◆ **What to work on**:
From the entries below, output the line with "Czółenka R.Polański A001 - Turkus Zamsz" and each following line up to and including the line with "Camouflage Owl Butterfly", exactly as written.

The data START

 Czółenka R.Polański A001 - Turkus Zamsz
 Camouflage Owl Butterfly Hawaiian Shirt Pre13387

The data END
The data START

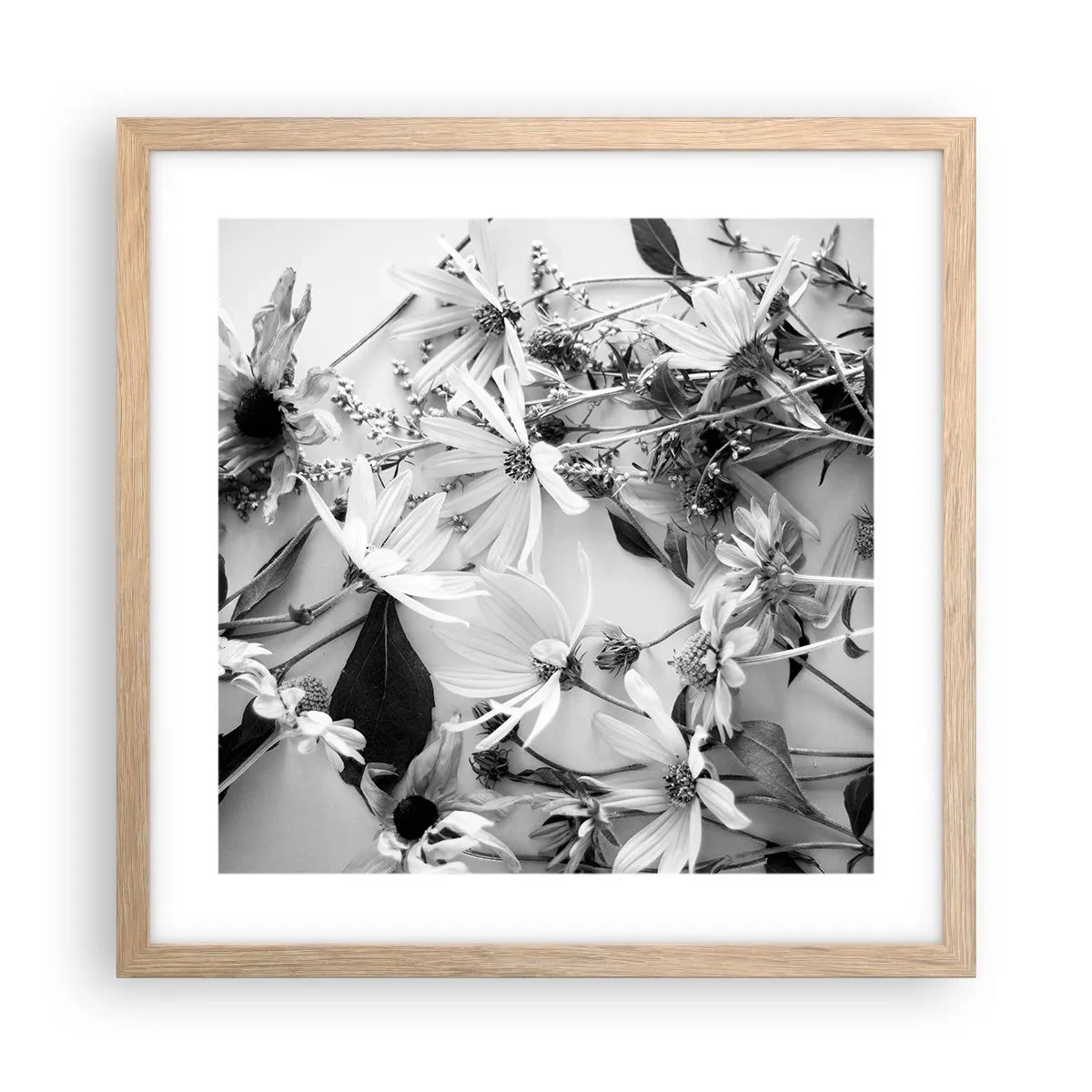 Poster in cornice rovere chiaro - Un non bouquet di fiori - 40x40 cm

The data END

◆ **Final answer**:
 Czółenka R.Polański A001 - Turkus Zamsz
 Camouflage Owl Butterfly Hawaiian Shirt Pre13387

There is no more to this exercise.